● THE DATA
+ + +

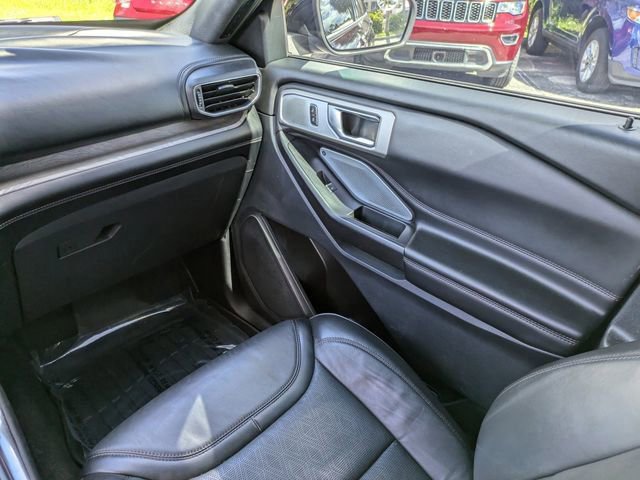 Used 2020 Ford Explorer Platinum w/ Premium Technology Package image 19
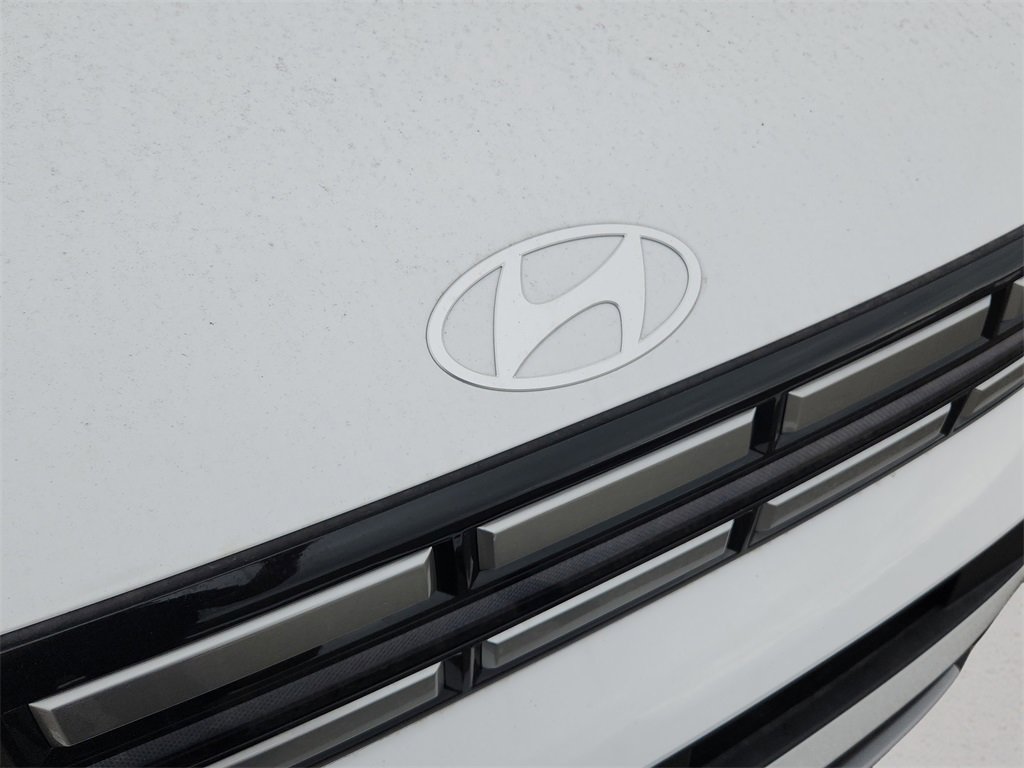 New 2026 Hyundai Santa Fe SE image 9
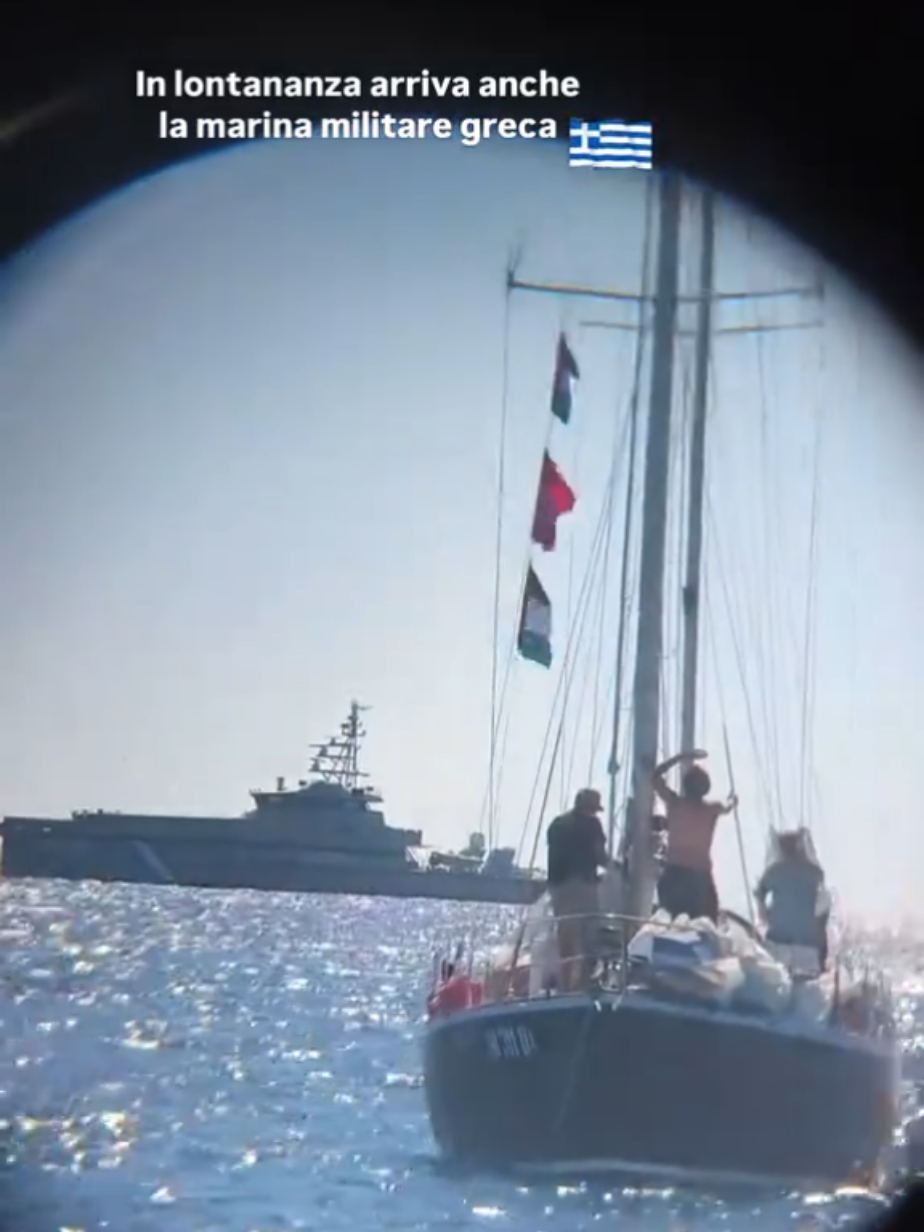 A Greek Navy vessel has arrived to protect the Global Sumud Flotilla while the fleet remains in Greek waters. 🇬🇷🇵🇸⛵ #GlobalSumudFlotilla  #BreakTheSiege  #GlobalMovementToGaza  #Navy #Greece 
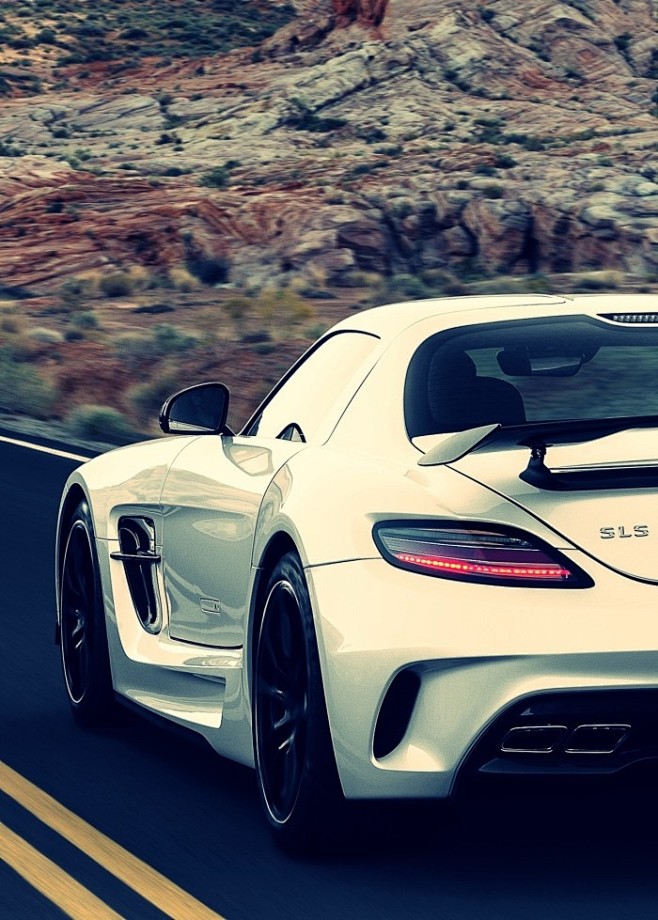 Mercedes Benz SLS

+ + +

● TASK DETAILS
Please write out only the material above, exactly, from its first line through the line that contains "New 2026 Hyundai Santa Fe SE image 9", and include no pictures.

● WRITTEN ANSWER
 Used 2020 Ford Explorer Platinum w/ Premium Technology Package image 19
 New 2026 Hyundai Santa Fe SE image 9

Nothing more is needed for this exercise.